China said Thursday that the U.S. trade approach had set a bad precedent that could trigger a domino effect on protectionism, and the United States must resort to dialogue and consultation to settle disputes.
Gao Feng, spokesperson with China's Ministry of Commerce (MOC), made the remarks in response to questions about the U.S. plans to slap tariffs on about 50 billion U.S. dollars of Chinese imports and restrict Chinese investment in the United States.
"The United States must abandon unilateralism and protectionism, take measures and resort to dialogue and consultation to settle disputes," Gao said.
"China is always open for negotiations," Gao said, emphasizing the principles of equality, constructiveness and balance needed in joint efforts.
The spokesperson refuted the view that China's slower-than-expected fulfillment of World Trade Organization (WTO) obligations was the cause of the U.S. tariff plan, saying this was "totally unfounded."
Since its accession to the WTO, China has actively assumed its responsibilities as a major developing trading nation and continued to open up its market, having cut its overall tariff level from 15.3 percent to 9.8 percent, he said.
The U.S. administration has taken an increasingly hawkish turn on China, as it blames its trade deficit with major trading partners for its domestic economic woes and job losses.
Despite worldwide objections, the U.S. government also decided to impose a 25-percent tariff on steel imports and a 10-percent tariff on aluminum, with tariffs on imports from countries including China.
"The latest U.S. trade measures towards China are typical trade protectionism with cold war and a zero-sum mentality.

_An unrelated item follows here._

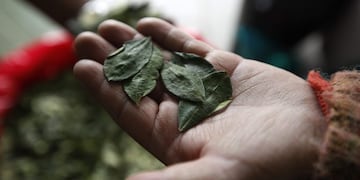 Investigan si las hojas incautadas tenían como destino la producción de cocaína.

Don't make China an excuse," Gao said.
The spokesperson said the United States should not take its own course but "come back to the right track of advocating win-win cooperation between the two countries."
Gao said China would take all possible appropriate measures to defend its legitimate interests and was confident in its ability to react against any trade or investment protectionist act.
In response to the U.S. tariff proposals, the MOC announced last week that it was considering suspending tariff concessions on 128 categories of U.S. products worth 3 billion U.S. dollars, including pork, wine and seamless steel tubes.
Public comments on the move are being solicited until March 31.